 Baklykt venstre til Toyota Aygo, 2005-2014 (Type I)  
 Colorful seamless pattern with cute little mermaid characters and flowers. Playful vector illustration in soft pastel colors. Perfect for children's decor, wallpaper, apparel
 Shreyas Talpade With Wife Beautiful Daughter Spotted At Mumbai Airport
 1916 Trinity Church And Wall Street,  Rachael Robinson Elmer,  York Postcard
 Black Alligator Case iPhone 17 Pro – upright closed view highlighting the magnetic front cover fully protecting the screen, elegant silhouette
────────────────────
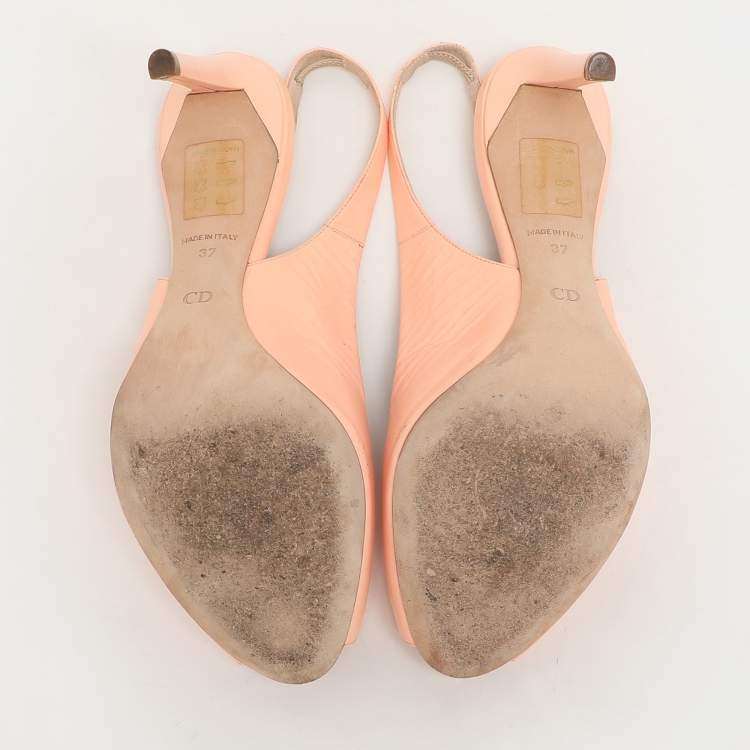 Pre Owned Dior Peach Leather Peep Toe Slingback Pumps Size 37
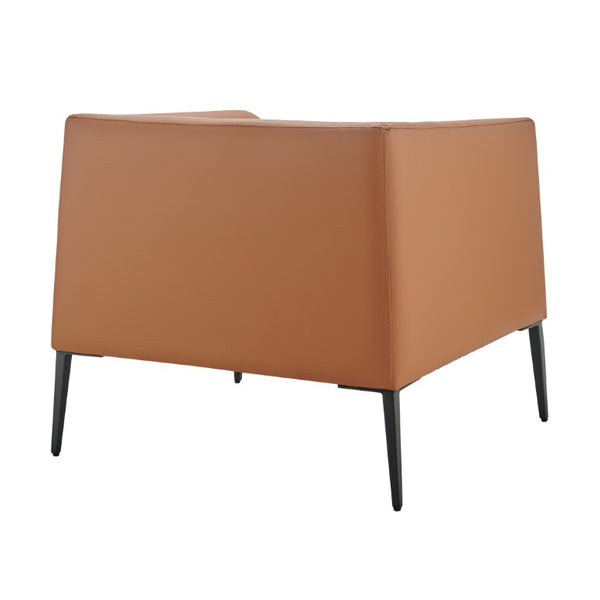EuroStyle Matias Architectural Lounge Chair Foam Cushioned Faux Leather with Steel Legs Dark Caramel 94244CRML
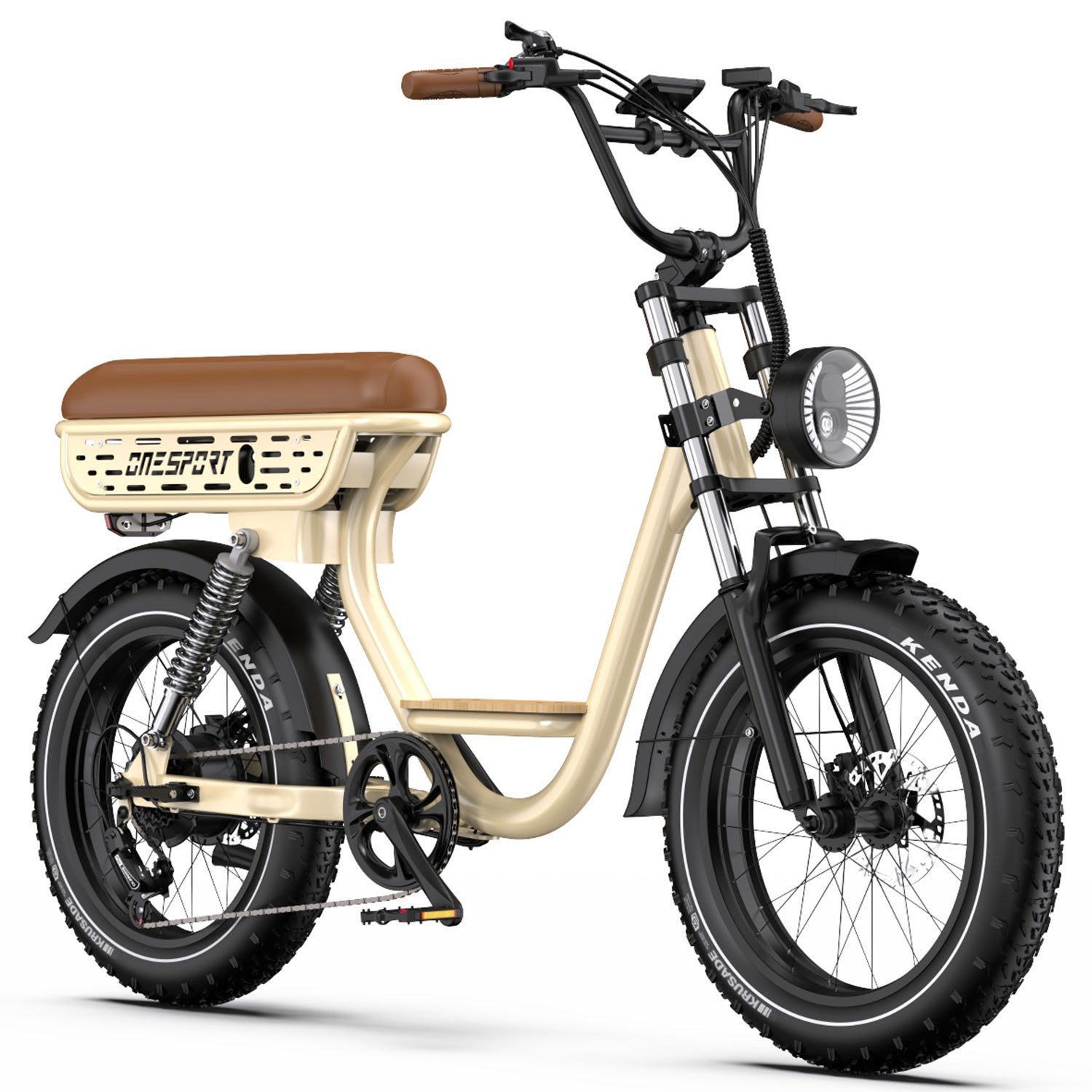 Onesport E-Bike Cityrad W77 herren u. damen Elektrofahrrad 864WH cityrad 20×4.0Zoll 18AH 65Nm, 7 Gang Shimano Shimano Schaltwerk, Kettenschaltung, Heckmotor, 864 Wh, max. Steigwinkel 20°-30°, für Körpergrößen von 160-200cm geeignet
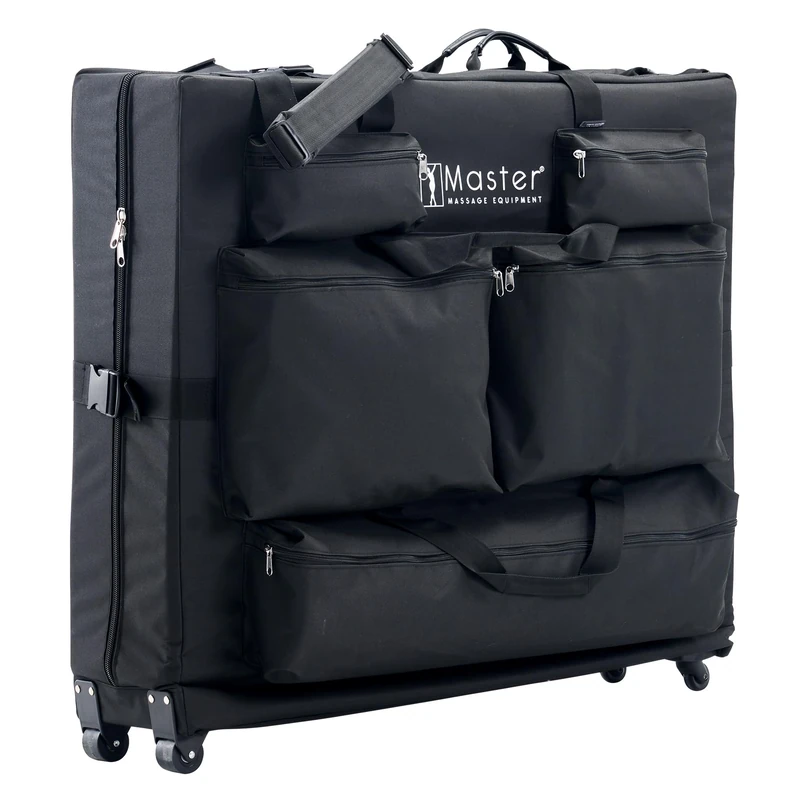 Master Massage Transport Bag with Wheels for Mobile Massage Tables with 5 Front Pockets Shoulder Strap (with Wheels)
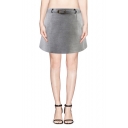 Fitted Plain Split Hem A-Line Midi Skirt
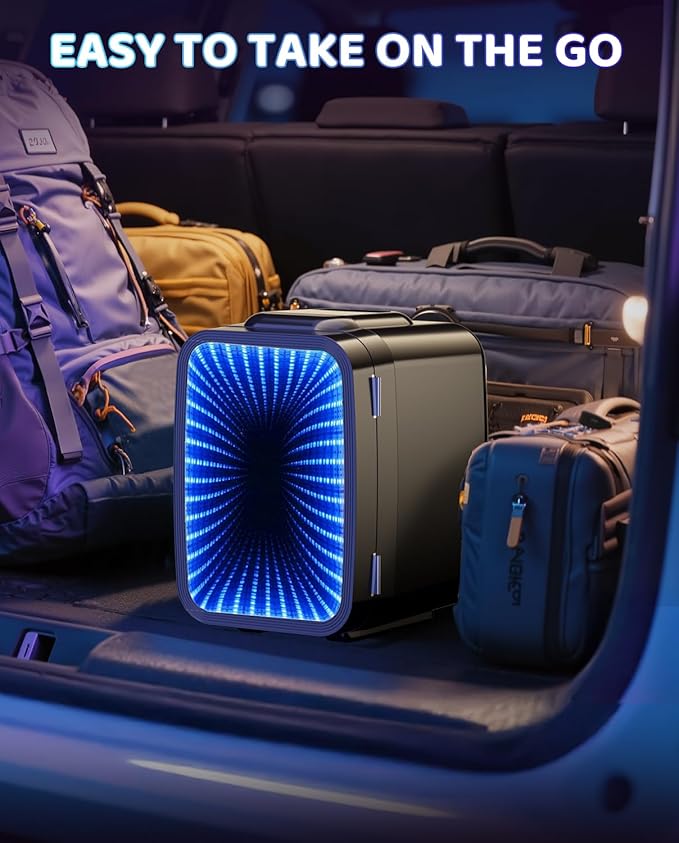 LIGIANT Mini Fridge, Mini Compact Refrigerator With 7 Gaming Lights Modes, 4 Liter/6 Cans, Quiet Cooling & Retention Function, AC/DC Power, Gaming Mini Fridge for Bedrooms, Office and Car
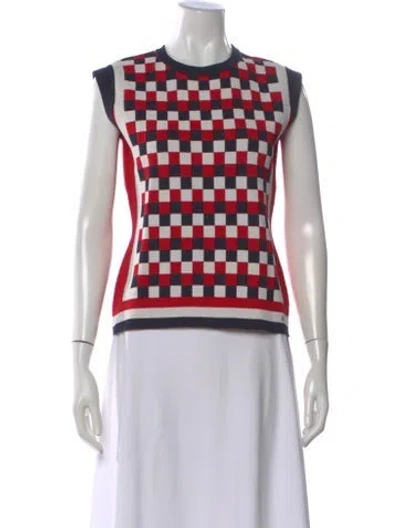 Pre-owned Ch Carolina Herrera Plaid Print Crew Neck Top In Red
────────────────────
- [Task requirements]:
Print the lines above from the one with "Colorful seamless pattern" through the one with "Black Alligator Case", both included, exactly as written and nothing more.

- [Answer space]:
 Colorful seamless pattern with cute little mermaid characters and flowers. Playful vector illustration in soft pastel colors. Perfect for children's decor, wallpaper, apparel
 Shreyas Talpade With Wife Beautiful Daughter Spotted At Mumbai Airport
 1916 Trinity Church And Wall Street,  Rachael Robinson Elmer,  York Postcard
 Black Alligator Case iPhone 17 Pro – upright closed view highlighting the magnetic front cover fully protecting the screen, elegant silhouette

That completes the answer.